Chaque nuit le même rêve et la nausée de se sentir captive. Chaque nuit à tourner tout autour d’une tour, cherchant la clef. Puis, gravissant un escalier, elle parvenait au sommet et buttait au pied d’une autre tour. Tâtonnant en silence contre l’infini, son oreille n’entendait que le vent qui l’appelait par son nom : « Mirage ! Mirage ! » Alors, c’était comme un chuchotement froid qui la faisait frissonner, car elle s’apercevait de sa nudité. Pénétrer et monter par un autre escalier. En haut, encore une tour. Une bise muette la frappait à nouveau d’une amère écume. Cramponnée à l’altitude. Des pierres de soleil bordaient une chaussée dallées de visages pétrifiés. De gigantesques crinières chevalines tentaient de l’étreindre.
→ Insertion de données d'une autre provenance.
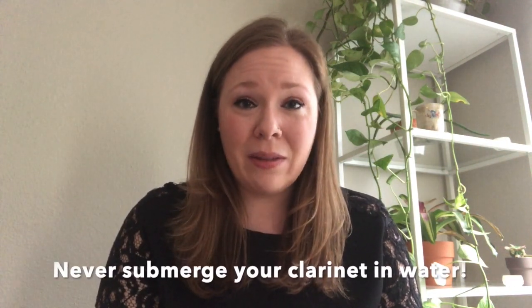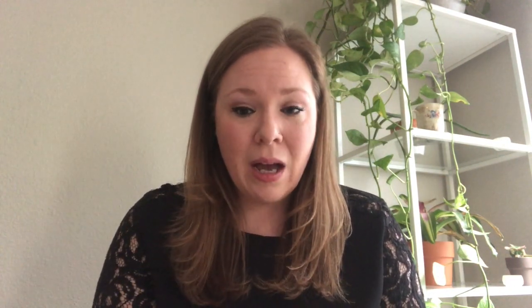Last but not least, a gentle reminder that you should never ever under any circumstances put your clarinet under water, put it in a bath, or get it wet in any way — this is going to ruin your instrument. Same goes for the keys. Unless you're an experienced professional who has done special cleaning on the keys, don't do any DIY projects. This is not a great option and could end up being very expensive in the long run.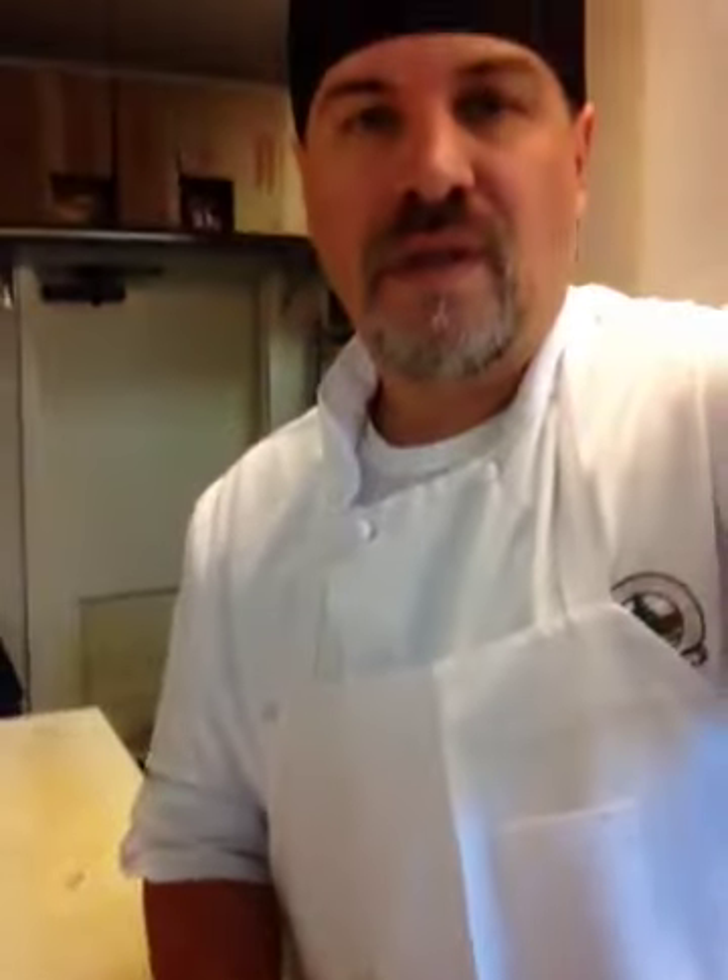Very simple, very easy to do. Just practice, take your time, and make sure you get a nice, small, thin paring knife. And if you mess up, guess what? You get to eat it. Have a great day, YouTube. Thank you.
Il lui fallait chasser violemment ces fouets, sans répit. Soudain, un liquide rouge semblable au jus de raisin, mais plus épicé, ruisselait sur ses cuisses. Trois cent soixante-cinq marches menaient à la plate-forme de la seconde tour. À ce moment-là surgissait le ciel nocturne et, dans ce face à face, les étoiles semblaient correspondre à chacun de ses atomes par de longs cils lumineux. Tendant de nouveau l’oreille, elle élevait à cet instant son âme au moyen de ces fils surnaturels. Pleine d’amour, comme attentive à la plainte qui, selon toute apparence, provenait du cosmos, la jeune fille s’apaisait et prenait refuge dans cette vision. Une harpe murmurait et son cœur se réjouissait. Les fracas déchaînés par les fleuves exhalaient des rubis. Les voix déchaînées par les vents délivraient les diamants. Une invisible main la soutint puis la couvrit d’une étoffe légère.

À ce moment là, Ève vit sa bouche s’ouvrir. Oui, sa bouche s’est ouverte ! Sa voix énorme faisait déferler une phrase unique, en dialecte cosmique. Dans ce langage inhumain, le moindre effarement prenait des proportions gigantesques. Ainsi les murs et les parois naquirent d’un cauchemar. Métal de pierre. Écran de cristal. Buée de granit. Gouttelettes de granit. Rosée de granit. Elle sema l’épouvante parmi toutes les étoiles (ces êtres cyclopéens) lorsque une fulguration répétée lui fendit les lèvres : « Je déclare ma bouche ouverte, je déclare ma bouche ouverte ! »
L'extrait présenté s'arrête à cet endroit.